Edit: There is a small gap in the proof. The function $g=d'\circ d^{-1}$ is defined on $d$-images of intervals on which $d$ is strictly monotonous. It might therefore be possible that solutions $d$ or $f$ are expressed by different formulas on different subintervals. This can, however, be excluded. As a solution of the differential equation (1) and as $f'(x)\neq0$, $f$ is actually real analytic. Therefore the identity theorem for analytic functions implies that the equations $f(x)=ax+b$ or ... are valid throughout the interval of definition of $f$. This closes the gap.

Edit 2: There is a simpler way to solve the 4-th order ODE (1), $f'(x)\neq0$, but it was not so obvious.

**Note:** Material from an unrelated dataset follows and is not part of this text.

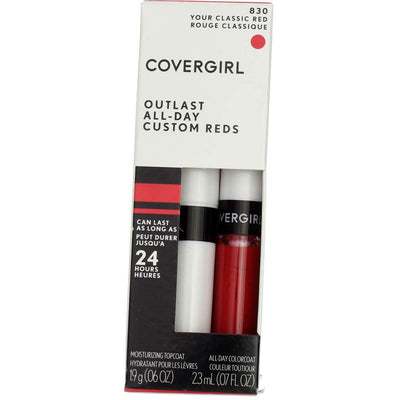 CoverGirl Outlast All-Day Custom Reds Lip Color, Your Classic Red, 0.07 fl oz, 2 Ct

Put $q=1/f'$. Then $$q'=-\frac{f''}{f'^2},\ \ q''=2\frac{f''^2}{f'^3}-\frac{f^{(3)}}{f'^2},\ \ q^{(3)}=-6\frac{f''^3}{f'^4}+6\frac{f^{(3)}f''}{f'^3}-\frac{f^{(4)}}{f'^2}=0.$$ Hence $q$ is a non-zero polynomial of degree at most 2 and $$f'(x)=\frac1{Ax^2+Bx+C},$$ where $A,B,C$ are constants and do not vanish simultaniously.

If $A=B=0,C\neq0$ then we find $f(x)=\frac1Cx+E$ with some constant $E$.

If $A=0,B\neq0$ then we find $f(x)=\frac1B\ln(x+\frac CB)+E$ and $C/B$ has to be positive since $f$ is defined on $(0,\infty)$.

If $A\neq0$ then we must distinguish 3 cases for the discriminant $D=B^2-4AC$.

1. If $D>0$ then we can factor $Ax^2+Bx+C=A(x+b)(x+c)$ with real $b,c$. These have to be positive since $f$ is defined on $(0,\infty)$. Integrating we find $$f(x)=a\ln\left(\frac{x+b}{x+c}\right)+E$$ with certain $a,E$.

2. If $D=0$ then we can write $Ax^2+Bx+C=A(x+b)^2$ with $b=\frac B{2A}$. Again $b$ has to be positive. We obtain $$f(x)=\frac{a}{x+b}+E.$$

3. If $D<0$, $D=-F^2$ with positive $F$ then we can write $Ax^2+Bx+C=A(x+\frac B{2A})^2+\frac{F^2}{4A}$. We obtain $$f(x)=a\arctan(bx+c)+d$$ with certain $a,b,c,d$.

Since $f$ is real analytic as a solution of (1) with $f'(x)\neq0$, these expressions for $f$ are valid throughout $(0,\infty)$ by the identity theorem for analytic functions.